On Wed, Oct 10, 2018 at 2:54 PM Steven Stallion <sstallion@gmail.com> wrote:

As the guy who wrote the majority of the code that pushed those 1M 4K
random IOPS erik mentioned, this thread annoys the shit out of me. You
don't get an award for writing a driver. In fact, it's probably better
not to be known at all considering the bloody murder one has to commit
to marry hardware and software together.

Let's be frank, the I/O handling in the kernel is anachronistic. To
hit those rates, I had to add support for asynchronous and vectored
I/O not to mention a sizable bit of work by a co-worker to properly
handle NUMA on our appliances to hit those speeds. As I recall, we had
to rewrite the scheduler and re-implement locking, which even Charles
Forsyth had a hand in. Had we the time and resources to implement
something like zero-copy we'd have done it in a heartbeat.

In the end, it doesn't matter how "fast" a storage driver is in Plan 9
- as soon as you put a 9P-based filesystem on it, it's going to be
limited to a single outstanding operation. This is the tyranny of 9P.
We (Coraid) got around this by avoiding filesystems altogether.

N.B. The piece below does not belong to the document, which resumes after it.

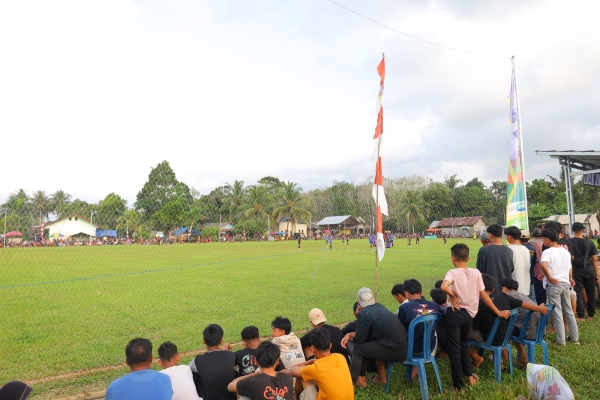 Ratusan Pasang Mata Saksikan Turnamen Sepak Bola se Panyipatan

Go solve that problem first.
On Wed, Oct 10, 2018 at 12:36 PM <cinap_lenrek@felloff.net> wrote:
>
> > But the reason I want this is to reduce latency to the first
> > access, especially for very large files. With read() I have
> > to wait until the read completes. With mmap() processing can
> > start much earlier and can be interleaved with background
> > data fetch or prefetch. With read() a lot more resources
> > are tied down. If I need random access and don't need to
> > read all of the data, the application has to do pread(),
> > pwrite() a lot thus complicating it. With mmap() I can just
> > map in the whole file and excess reading (beyond what the
> > app needs) will not be a large fraction.
>
> you think doing single 4K page sized reads in the pagefault
> handler is better than doing precise >4K reads from your
> application? possibly in a background thread so you can
> overlap processing with data fetching?
>
> the advantage of mmap is not prefetch. its about not to do
> any I/O when data is already in the *SHARED* buffer cache!
> which plan9 does not have (except the mntcache, but that is
> optional and only works for the disk fileservers that maintain
> ther file qid ver info consistently). its *IS* really a linux
> thing where all block device i/o goes thru the buffer cache.
>
> --
> cinap
>